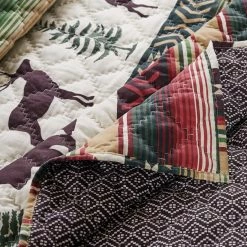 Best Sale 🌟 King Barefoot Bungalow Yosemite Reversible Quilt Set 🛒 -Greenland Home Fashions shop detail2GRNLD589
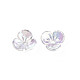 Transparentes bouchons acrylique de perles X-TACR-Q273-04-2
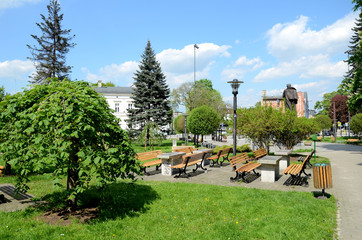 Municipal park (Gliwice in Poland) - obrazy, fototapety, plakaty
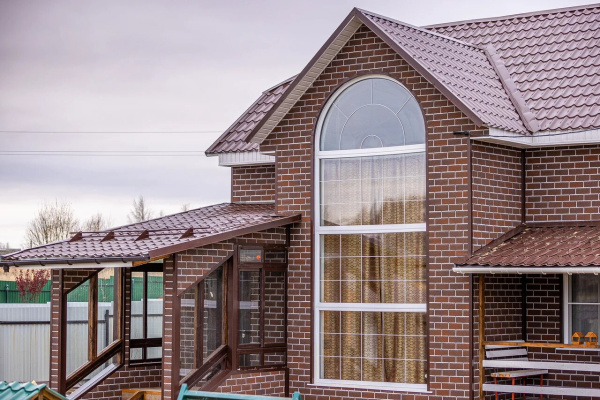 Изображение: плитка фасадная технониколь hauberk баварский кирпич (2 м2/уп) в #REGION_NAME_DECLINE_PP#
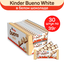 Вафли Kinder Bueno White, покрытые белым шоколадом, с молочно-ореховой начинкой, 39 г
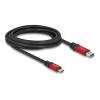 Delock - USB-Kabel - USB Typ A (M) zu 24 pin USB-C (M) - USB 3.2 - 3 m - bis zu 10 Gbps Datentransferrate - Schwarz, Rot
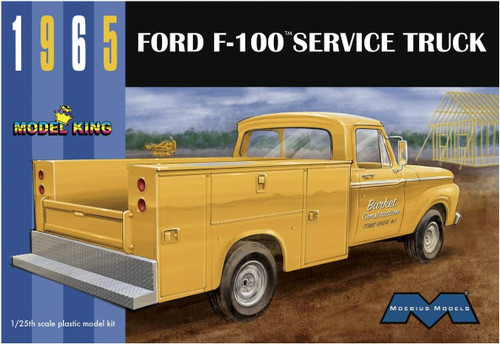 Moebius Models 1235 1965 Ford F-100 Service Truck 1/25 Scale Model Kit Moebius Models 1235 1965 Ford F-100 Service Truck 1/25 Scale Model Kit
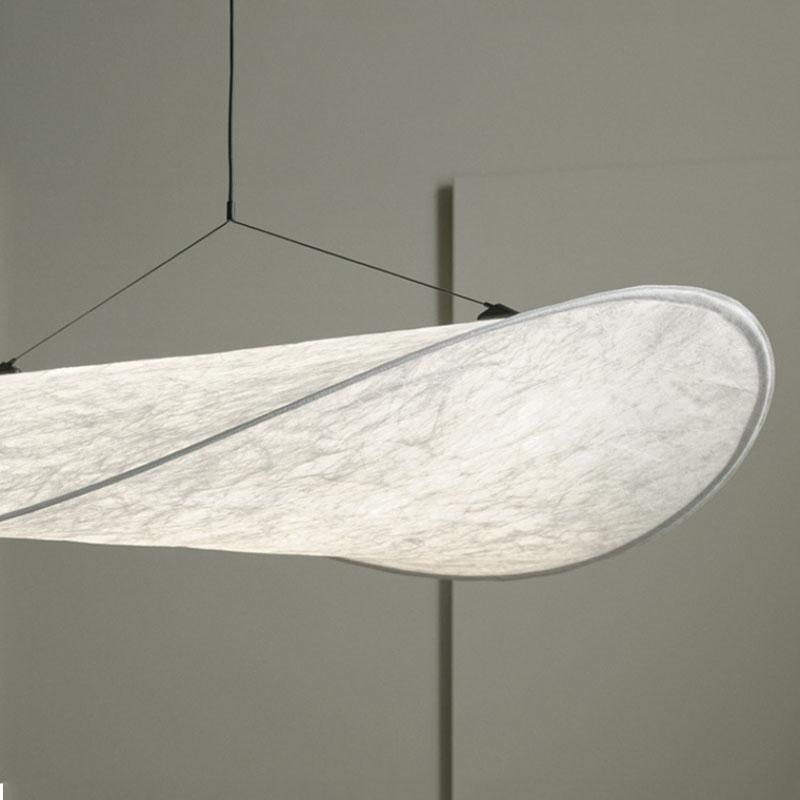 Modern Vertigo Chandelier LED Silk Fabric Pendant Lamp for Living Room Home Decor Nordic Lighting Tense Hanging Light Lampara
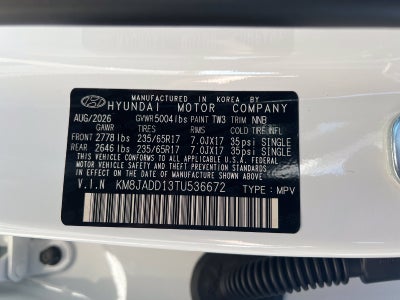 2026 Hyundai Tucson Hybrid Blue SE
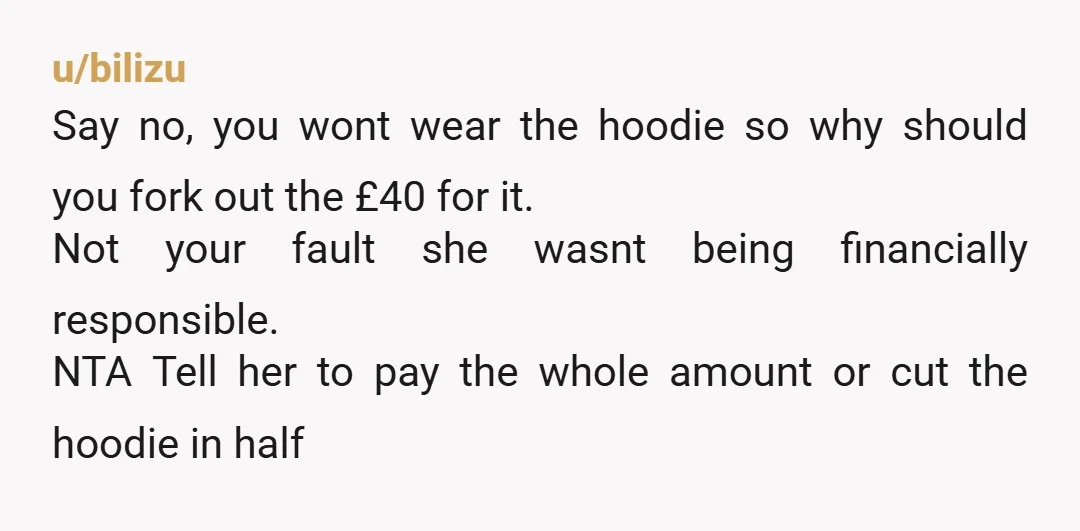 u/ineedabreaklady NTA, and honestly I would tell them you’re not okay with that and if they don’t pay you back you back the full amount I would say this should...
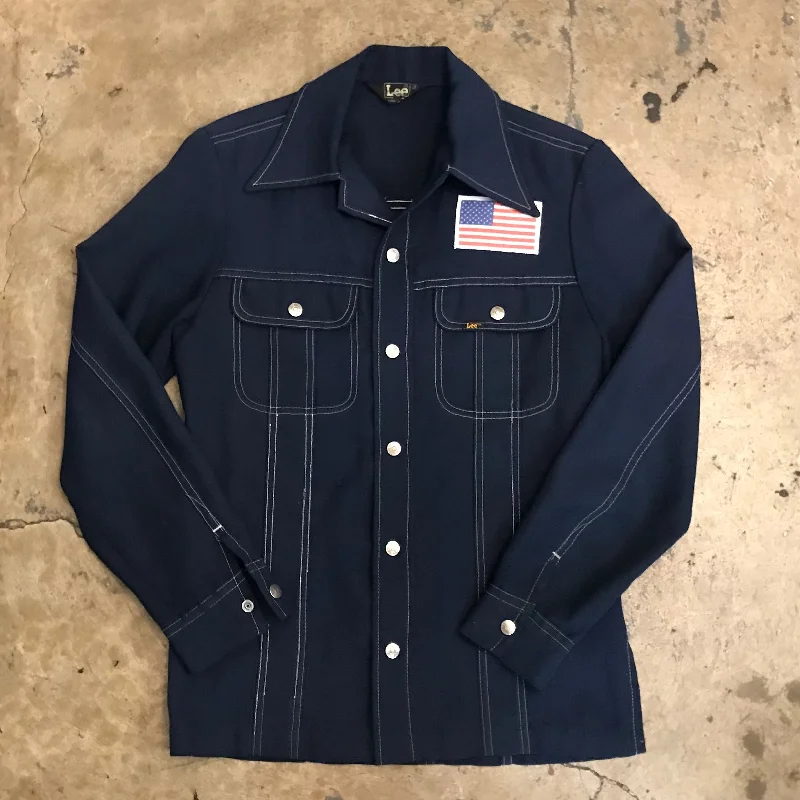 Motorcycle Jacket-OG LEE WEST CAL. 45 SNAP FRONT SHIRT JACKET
------------------------------
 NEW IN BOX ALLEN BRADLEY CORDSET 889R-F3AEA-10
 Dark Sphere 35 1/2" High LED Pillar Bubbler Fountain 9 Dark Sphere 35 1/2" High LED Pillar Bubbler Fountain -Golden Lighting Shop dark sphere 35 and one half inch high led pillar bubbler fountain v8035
------------------------------
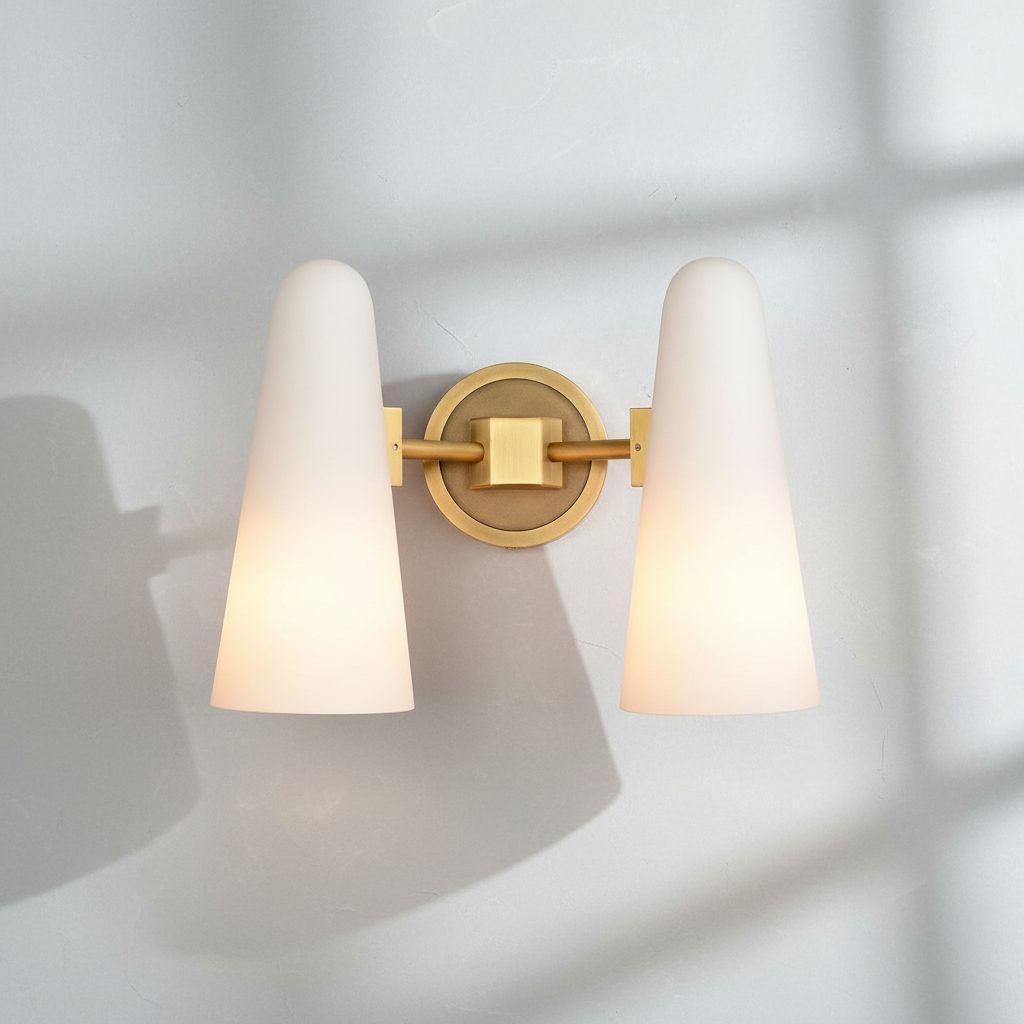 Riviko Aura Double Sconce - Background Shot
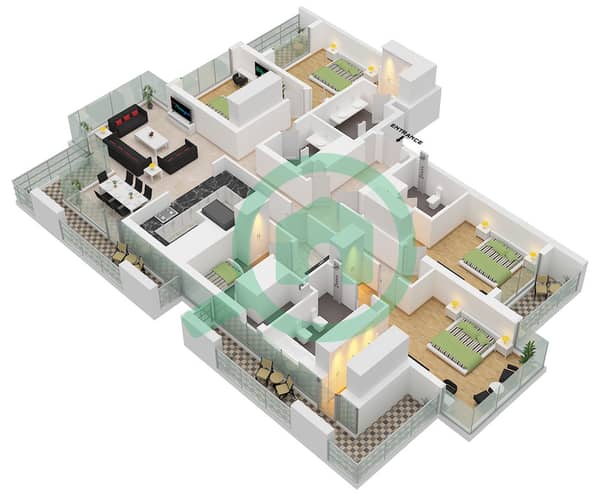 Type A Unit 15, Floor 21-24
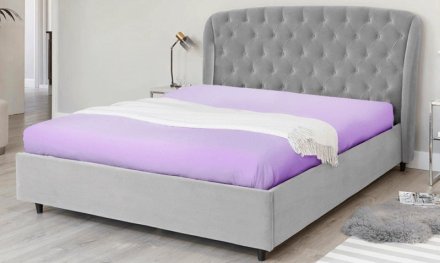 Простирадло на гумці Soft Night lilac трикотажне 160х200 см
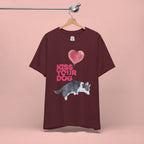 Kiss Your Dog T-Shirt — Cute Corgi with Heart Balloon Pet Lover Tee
------------------------------
Look back at the data above, then output exactly the lines from the line holding "Municipal park (Gliwice" up to and including the line holding "Motorcycle Jacket-OG LEE". Leave out the pictures.

 Municipal park (Gliwice in Poland) - obrazy, fototapety, plakaty
 Изображение: плитка фасадная технониколь hauberk баварский кирпич (2 м2/уп) в #REGION_NAME_DECLINE_PP#
 Вафли Kinder Bueno White, покрытые белым шоколадом, с молочно-ореховой начинкой, 39 г
 Delock - USB-Kabel - USB Typ A (M) zu 24 pin USB-C (M) - USB 3.2 - 3 m - bis zu 10 Gbps Datentransferrate - Schwarz, Rot
 Moebius Models 1235 1965 Ford F-100 Service Truck 1/25 Scale Model Kit Moebius Models 1235 1965 Ford F-100 Service Truck 1/25 Scale Model Kit
 Modern Vertigo Chandelier LED Silk Fabric Pendant Lamp for Living Room Home Decor Nordic Lighting Tense Hanging Light Lampara
 2026 Hyundai Tucson Hybrid Blue SE
 u/ineedabreaklady NTA, and honestly I would tell them you’re not okay with that and if they don’t pay you back you back the full amount I would say this should...
 Motorcycle Jacket-OG LEE WEST CAL. 45 SNAP FRONT SHIRT JACKET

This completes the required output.